Many of the same people who were outraged that Congress would intervene in a decision the courts had already weighed in on, will probably not like my suggestions, but again, let’s pretend Terry did not exist.

What do we do. First, let’s recognize that there is a difference between what we can do and what we will do. The obvious choice is to appoint conservative jurists to the courts who will actually decide on existing laws, not make up new laws and substitute their standards of decency for our own. I frankly doubt that any Republican in Washington will really do what should and can be done.

So, what can we do?

The first thing we can do is stop thinking of the courts as some holier than thou branch of government. They too are politicians. They just happen to be unelected politicians on the federal level. Once they get to the court and no longer feel beholden to political interests they tend to develop a “to heck with you” attitude, but they are politicians nonetheless. So, first we should abandon our ingrained reverence for the court system.

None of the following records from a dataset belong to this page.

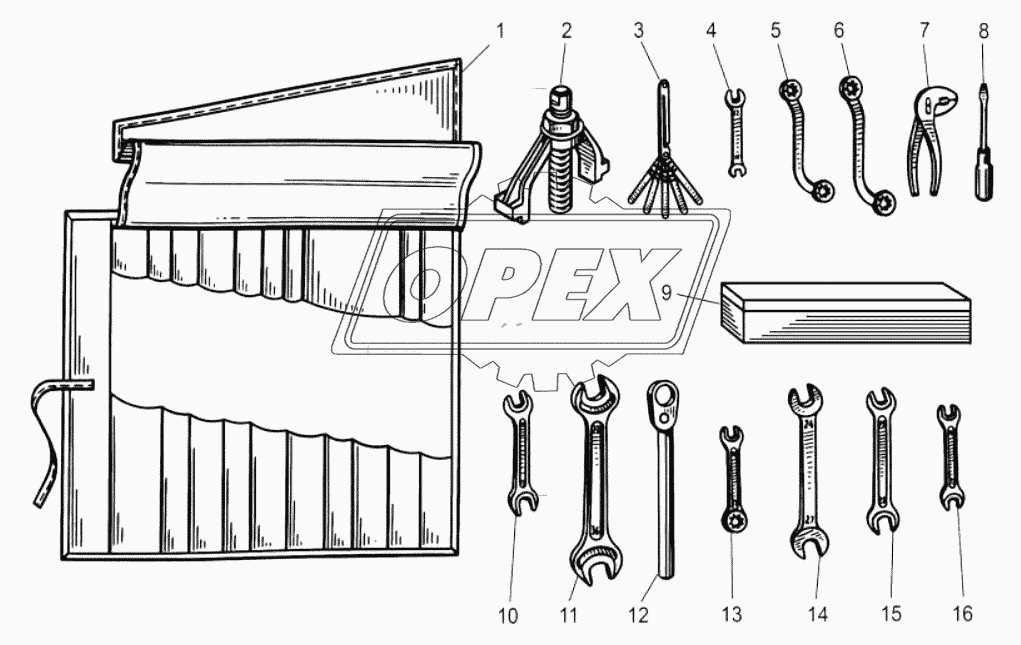 Инструмент и приспособления водителя (механика)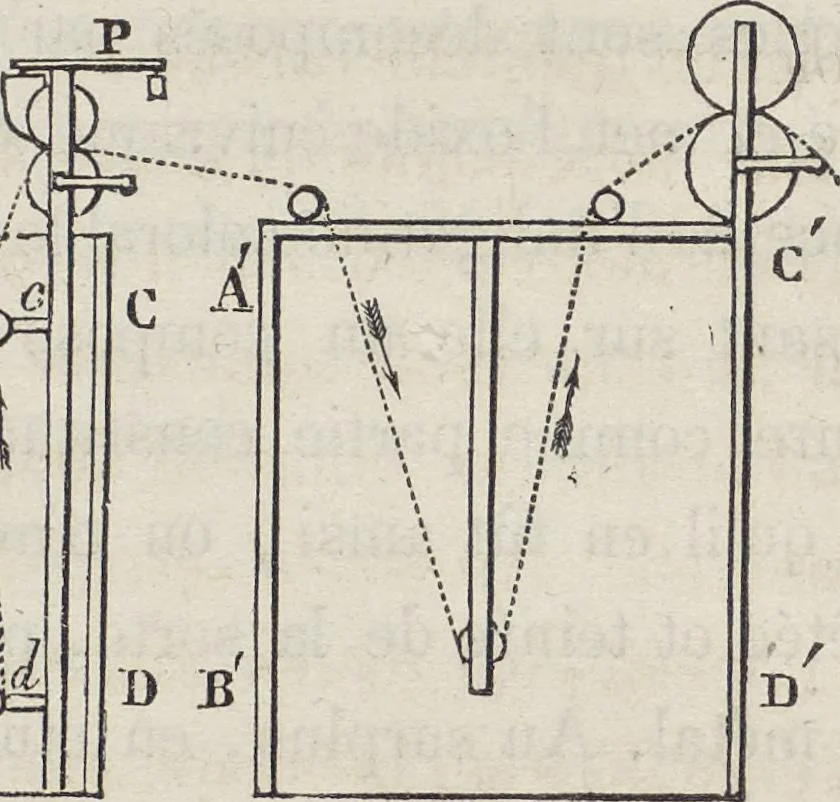 An illustration from Traité théorique et pratique de l'impression des tissus, 1846, leaf 35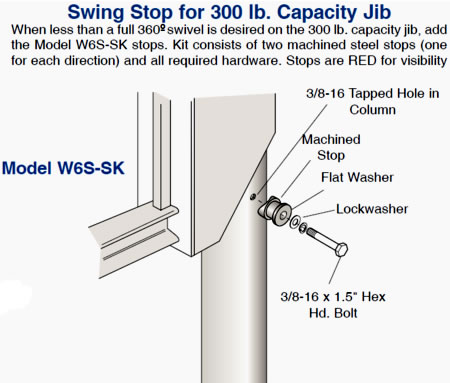 swing stop for jib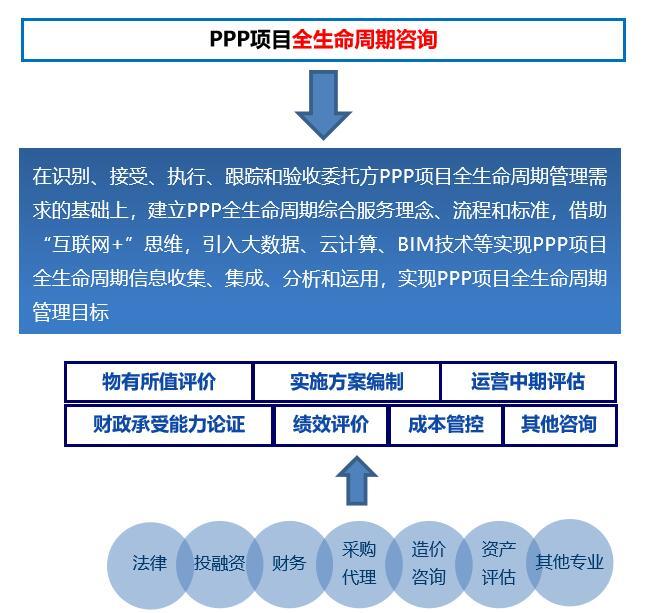 基于bim技术的ppp项目全生命周期管理与咨询（37页，图文丰富）-项目全生命周期管理与咨询定义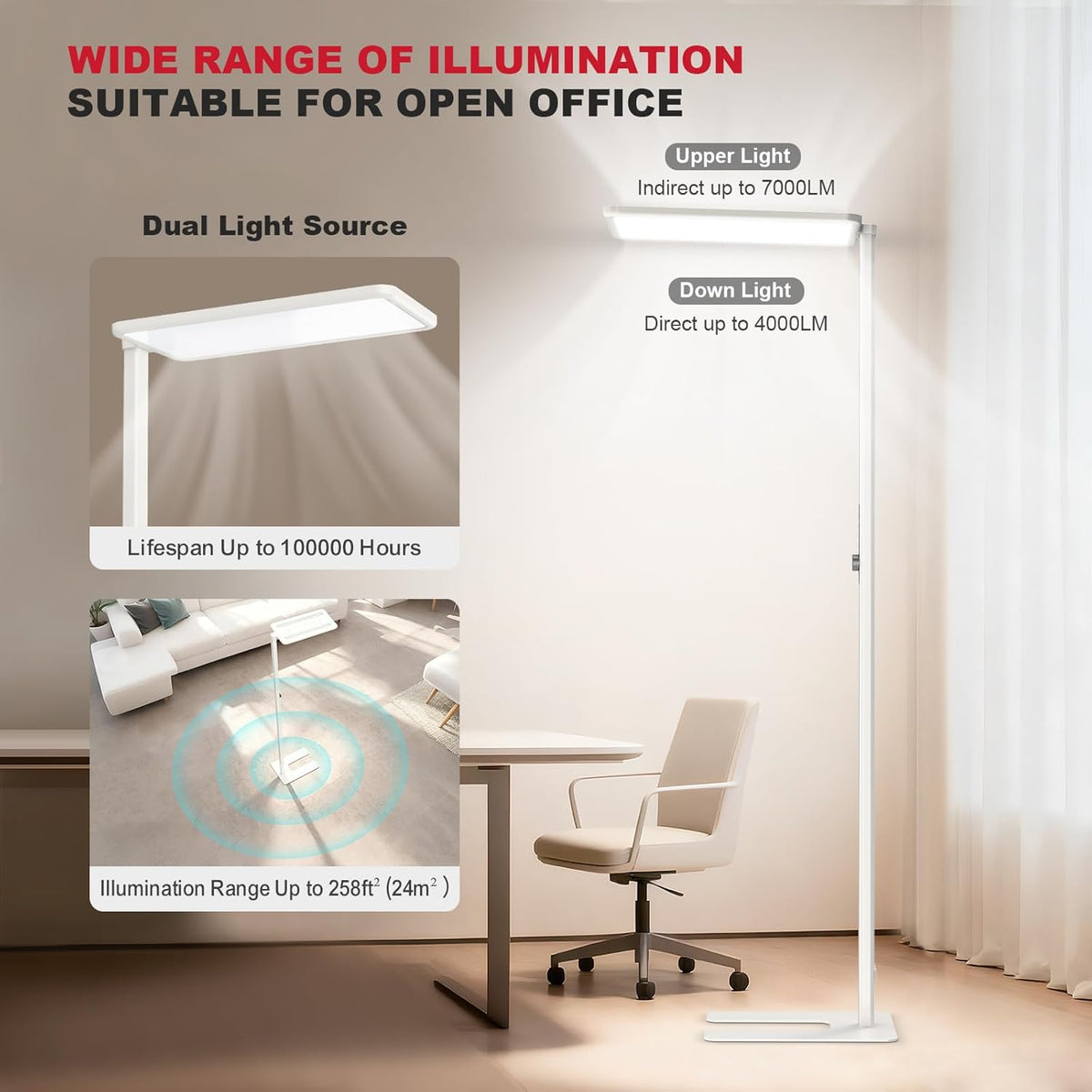 JINIU 150W 11000LM Full-Spectrum 79" LED Floor Lamp, Bridgelux Thrive™ Eye-Care Standing Lamp, Dimmable 4000K Natural Daylight, Motion Sensor for Home Office, Playroom, Special Nightlight for Bedroom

Second, in so recognizing the courts as made of politicians, we should also recognize the courts as a branch of government. Though some federal judges do not like it, the power of the purse is kept with the legislature, not the court system. I’m always fascinated by court decisions that order the legislature to spend money. They really have no power to do that — yet legislatures so often give in. Though the power of the purse was removed from the executive to prevent a dictatorial executive, we also need to recognize that the power of the purse must be kept from judges so they too do not become even greater dictators than they have already become.

Congress could, and should, cut the budget of the courts. Yes, it is not popular and we know lots of groups will cry about justice being denied for lack of funding. But it would send an extraordinary message to the courts — if they keep substituting their standards for our democratic standards, they will need to do so on their own dime and not the taxpayer’s dime.

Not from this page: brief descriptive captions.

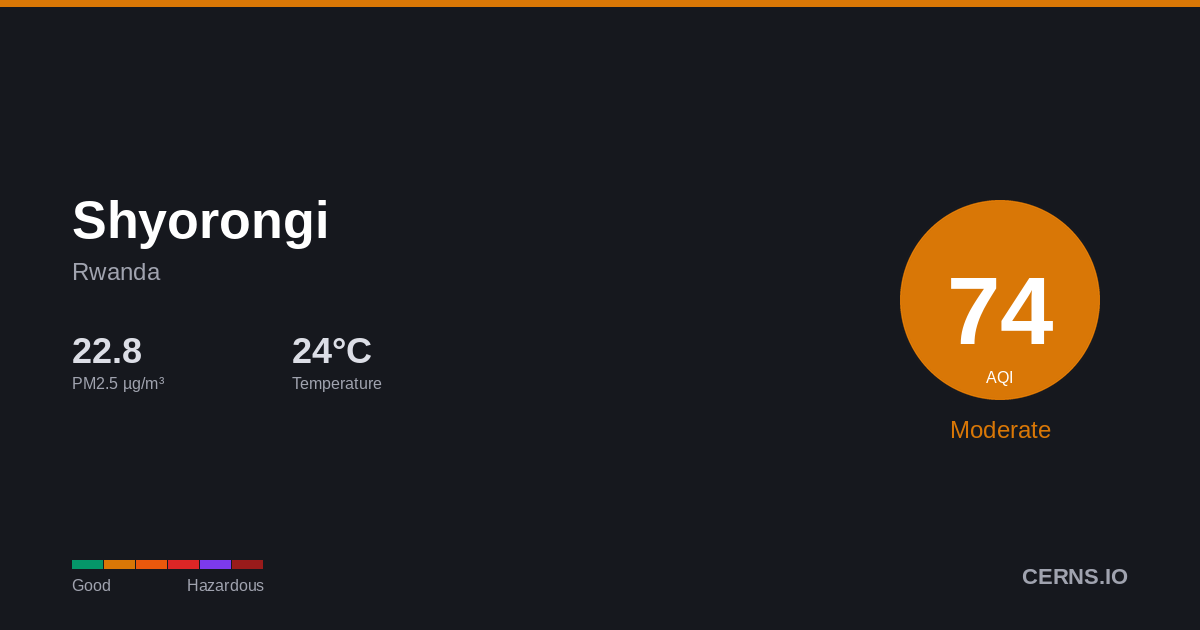 Air quality card for Shyorongi, Rwanda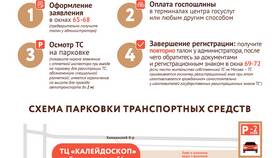 Как зарегистрироваться в сервисах ГИБДД через Госуслуги в Swatch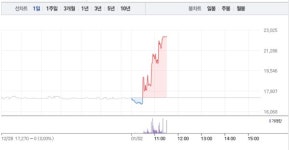 동신건설, 오전 갑작스런 상한가…2만2000원선 재돌파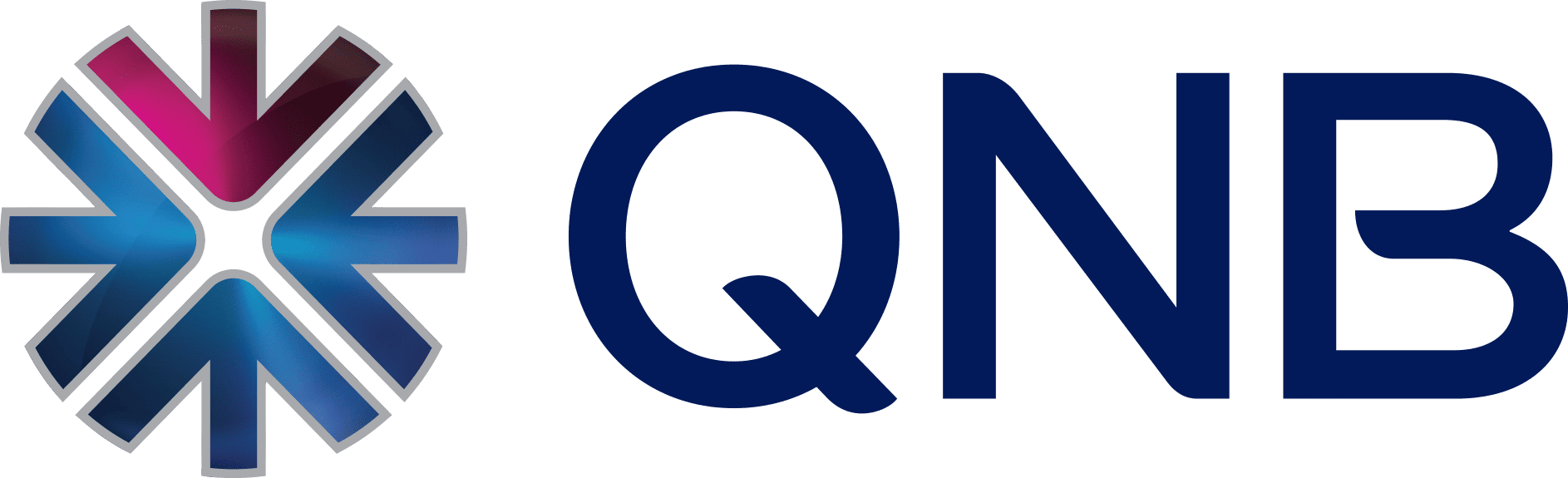 QNB Finansbank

Third, Congress should pick on a few judges and impeach them. Remind the judges that their tenure is only for a period of good behavior, not really for life. There are certainly federal judges out there that deserve impeachment. Congress, however, has relinquished its oversight role to the administrative wing of the federal judiciary. It is time to take it back.

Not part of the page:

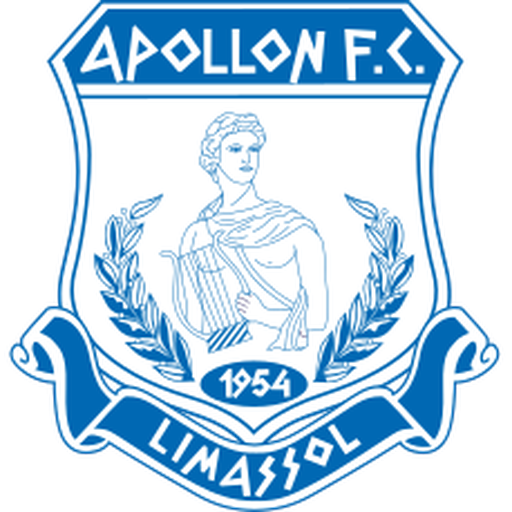 Apollon Limassol B.C. artwork 1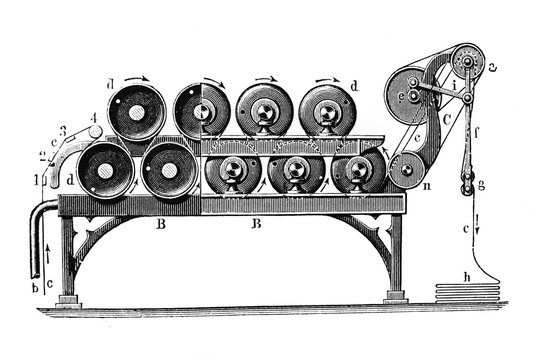 Drum dryer machine in the old book Big Encyclopedia, vol. 1, S. Petersburg, 1904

Fourth, the Executive Branch, having waged a war of power with the Legislative Branch, should go on to war with the courts. The courts have, for some reason, gotten under some misguided notion that they are final arbiters and enforcers of laws. It is actually the Executive Branch that enforces the law and the Executive Branch should publically decline to enforce those decisions it disagrees with.

All of these notions might be repugnant to some. I venture to say, however, that the ideas are only repugnant when we continue to treat the third branch of government as greater than it is. After all, it is the third branch of government.

Think of that in larger terms. The founding fathers put the legislative branch first because power came from the people. The executive was the second branch because the people then needed someone to execute the actions of the legislature. The judiciary was not an afterthought, but it was certainly third in thinking.

The federal bench has become arrogant and increasingly views itself as the first branch of government — capable of passing and enforcing laws without the other two branched. The other two branches, through budget, appointment, impeachment, and ignoring the third branch, have powers that are not effectively being used against the third.

Republicans everywhere like to say they are for small government. Recent actions tend to dispute that. If Republicans are serious about being for small government, they should not just focus on reducing the budget of the government, but also on reducing the power of the federal judiciary — a power not given, but taken by judicial order.